Jan. 25 (BusinessDesk) - The New Zealand dollar was firm against a weak yen on a day in which Prime Minister John Key noted the benefits of a strong currency and economists reiterated that it will be strong for much of 2013.
The kiwi was at 75.67 yen at 5pm, having traded as high as 75.70 yen from 75.30 yen at 8am. That compared to 75.24 at 5pm on Thursday.
But it fell to 83.63 US cents at 5pm from 83.80 cents at 8am and 84.32 cents at 5pm on Thursday.
The focus in afternoon trading was on Bank of Japan policy meeting minutes. Reuters reported that member Koji Ishida proposed cutting the interest rate for the bank's fixed-rate market operation and other loan schemes to 0.03 percent from 0.1 percent.

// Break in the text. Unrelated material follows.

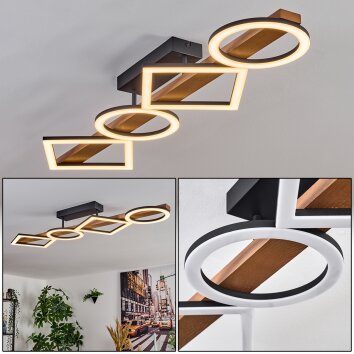 Tavon Deckenleuchte LED Holz dunkel, Schwarz, 1-flammig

That and another measure were turned down but the debate underlined the pressure the Japanese central bank is under to ease monetary policy more aggressively to help pull the economy out of deflation.
It was a contrast to Mr Key's observation that a strong NZ dollar reflected strength in the country's terms of trade.
He said that the high kiwi made goods cheaper for consumers.
His comments come as BNZ economists put an end-year target of 81.00 US cents on the kiwi, suggesting it will be high for some time.
BNZ said the liquidity being sprayed around by the big central banks around the world merely reinforced the fact that the New Zealand economy was in a better position.
The kiwi was at 80.08 Australian cents at 5pm, unchanged from its level at 8am, and down slightly from 80.17 at 5pm on Thursday.
The kiwi was at 53.02 British pence from 53.27 pence on Thursday and at 62.61 euro from 63.32.
The trade-weighted index was at 75.42 from 75.64.